Saturday, September 19, 2009
Reclaiming a Catholic Culture
-Shorts and tee shirts, short skirts, ripped jeans and flip-flops at Sunday Mass
-Mundane chit-chat before, during and after Mass
-Schmalzy liturgical music and abstract "sacred" art
- The wholesale jettisoning of the Latin tongue, in clear defiance of Vatican II
-Large swaths of woefully uncatechized faithful, totally ignorant of Church history and Catholic culture
-A superabundance of soft-sofa homilies and gutted churches, cluttered with eye-offensive bric-a-brac
Has the Catholic Church in the United States become a Church of vulgarians? The high culture of the West, from art, to music and literature, science and innovation, is very much indebted to the rich patrimony of the Catholic Church. (Those interested in exploring this theme should pick up Thomas Woods' excellent book, How the Catholic Church Built Western Civilization.) Despite the inexhaustible wellspring of high culture, which has been faithfully guarded and nurtured by the Catholic Church for thousands of years, here in the United States we've witnessed in many quarters the extirpation of all things beautiful and inspiring, all in the name of "fitting in" so as to satisfy the mystifying demands of diversity. The current Pope, in addition to his spiritual depth is (much like his predecessor) the personification of culture and refinement, good taste and acumen. All too often though, the Church leadership in America, instead of rising to the occasion to issue a bold clarion call to be more than just average or so-so, opts for equivocation and accommodation. Catholics, in response to this leadership vacuum, have defined what it means to be Catholic for themselves, on their own terms. The bar has been significantly lowered and virtually no one is calling for it to be elevated. Opponents of tradition have effectively air-brushed from the minds of Catholics all memory of things pertaining to "High Church" liturgical and cultural practice. In its place, they have filled in the gaps with all sorts of garish paraphernalia.

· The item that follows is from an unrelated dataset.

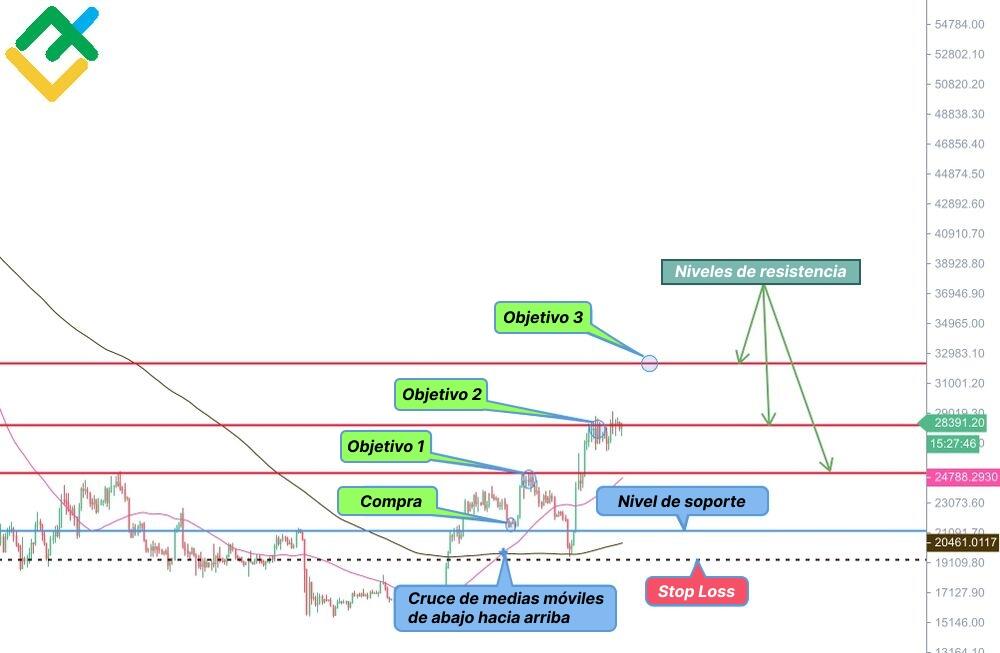 LiteFinance: "Golden Cross" en el gráfico BTCUSD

Liturgy, that sacred event which should be (and has been in the past) an incubator for a distinct Catholic identity and culture in the world, has been undermined from within for decades. Instead of adorning and embellishing the sacred liturgy with accoutrements and solemnity suitable for what it truly is, we have seen the liturgy woefully dumbed down and churches cluttered to the point of disorienting distraction, combining bad art, atrocious liturgical music, busybodies mulling about in the sanctuary and hollow, self-affirming homilies offered by uninspiring, sycophantic priests. In light of the widespread Protestantization, nay, Oprahfication of the Mass, one can see why so many Catholics today haven't the foggiest about what liturgy is.

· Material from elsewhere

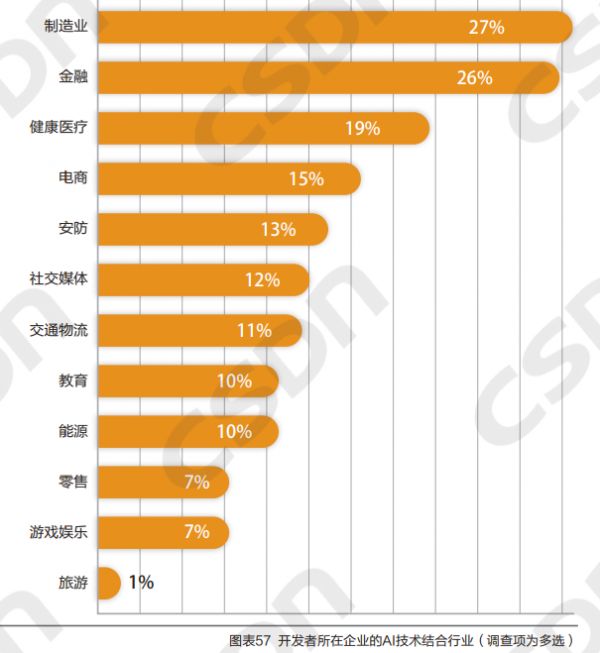 64% 的企业未实现智能化,5成公司算法工程师团队规模小于10人,AI工程师的机遇在哪里?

A priest friend of mine once wisely noted, "Liturgy, offered properly, is formative in the faith, but when offered improperly it actually deforms people in the faith." How true and painfully evident this pity observation is! In other words, when the wrong things are emphasized or elevated over and above the important things, the faithful are given a distorted understanding of what and where the focus of liturgy ought to be. It's no wonder then that Church documents on liturgy state explicitly that the prayers and practices of Mass are not to be altered by the priest (not that this directive has halted the run amok liturgical tampering that goes on unabated to this very day at nearly every parish). Sacred elements that once provided Catholics with a distinct identity were misconstrued as fluff, both superfluous and harmful, mossy relics of a bygone era: Latin, chant, incense, intricately woven liturgical vestments, bells, etc., all irrelevant! An insatiable desire to pander to the masses and the lowest common denominator saw these elements swept aside by modern-day iconoclasts, only to be replaced with things that made Catholicism seem mediocre, or worse still, gaudy. As Michael Knox Beran observes, "Being a child of Rousseau, the liberal believes, deep down, that progress can be made only after the old artistic forms--the corrupt and archaic poetries of the past--are overthrown. He wants to make a community from moral and aesthetic scratch."
So is it any wonder that, when it comes to the average Catholic approaching the liturgy, an acute sense of appropriateness and solemnity has taken flight? Is it any surprise that Catholics seem ambivalent when it comes to assimilating the finer details of the faith, its proud history and its unique culture? If their only experience of Catholicism has been watered down, bland, ordinary and totally uninspiring, who can blame them for being thoroughly unimpressed and bored? A Catholic culture should be thriving in the United States. Surely the numbers and the talent are there. But, as a result of much of the leadership's endless shilly-shally, damaging blunders and meekness before the many challenges presented by society, the Church in America still finds itself playing catch-up.
In Montesquieu's cheeky Persian Letters, Usbek, in a missive to his friend Ibben writes: "It is a great sight, for a Muslim, to see a Christian town for the first time. I am not talking about the things which strike everyone straight away, such as the differences in architecture, or clothes, or way of life. Even in the slightest trivialities there is something curious, which I feel I cannot express." Yes, there used to be something ineffably distinct, something beautiful, about our ways.